Starting from the recordings made by Constantin Brăiloiu between 1933 and 1943 and found on the album Musique de villages: Transylvanie, Drăguș et le Pays de l’Olt Region, I propose an interrogation into how we listen to works that belong to the intangible cultural heritage. I draw a connection between archival recordings and the phenomenology of listening, as formulated by the American theoretician Don Ihde in his seminal volume Listening and the Voice. The notion of witness is used to talk about the emotions and affects that might appear between a modern listener and voices of the musical folkloric past.
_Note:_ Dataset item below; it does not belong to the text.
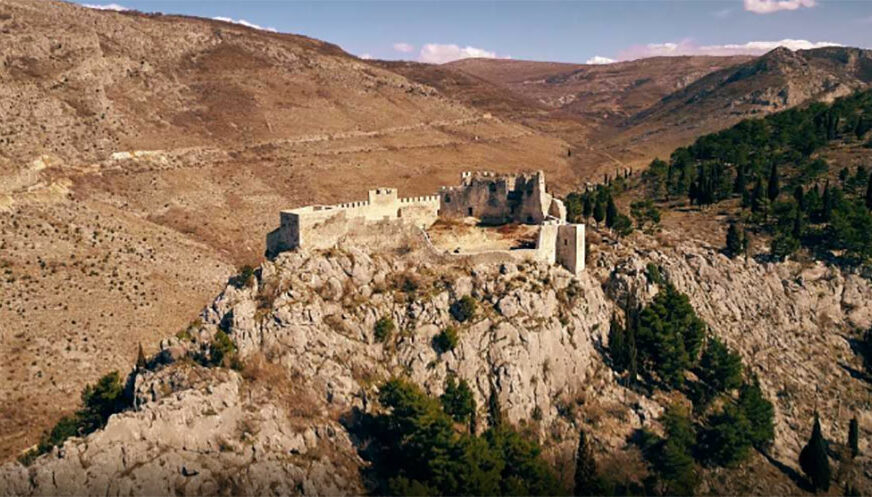 MAGIČNI PRIZORI Prekrasna tvrđava Stjepan-grada kod Blagaja (VIDEO)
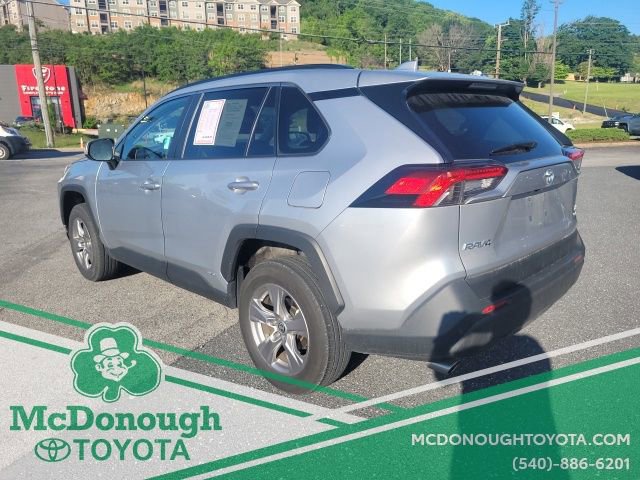 Used 2025 Toyota RAV4 XLE AWD/4WD image 8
The concept of relational listening (Gardner 2023) contributes to the further understanding of this interaction and its symbolism. What are the character and the possible meanings of the virtual meeting between the identities of the one who is listened to and the one who is listening? I also discuss the absence of cultural heritage from the public sound space and the dynamics of this silence. In the end, I propose some techniques and practices of listening that might contribute to the accessibility of the meeting between a contemporary listener and recorded presences of the cultural heritage.
Listening both implies and creates closeness, notes the same researcher; we might even perceive this subtle, instantaneous closeness as invasive, generating internal disorder, a direct confrontation with an unknown territory.

The Listening Itself

V.A. - Musique de villages: Transylvanie, Drăguș et le Pays de l’Olt Region (1988)
V.A. - Musique de villages: Transylvanie, Drăguș et le Pays de l’Olt Region (1988)
“This morning I was listening to recordings made by Constantin Brăiloiu. A woman was singing a simple, repetitive melody. There was a moment when I felt that the woman was confessing to me – a distant, unforeseen listener – something that belonged to her intimacy, to her life. For a moment I was very close to a certain sensation of indecency. I felt how her slightly shrill voice was seeping into my skin. It was indecent to take part in this woman’s entire life out of the blue. These people had nowhere to hide, nowhere to go if they hurt someone or lost someone close to them.” (author’s trans.)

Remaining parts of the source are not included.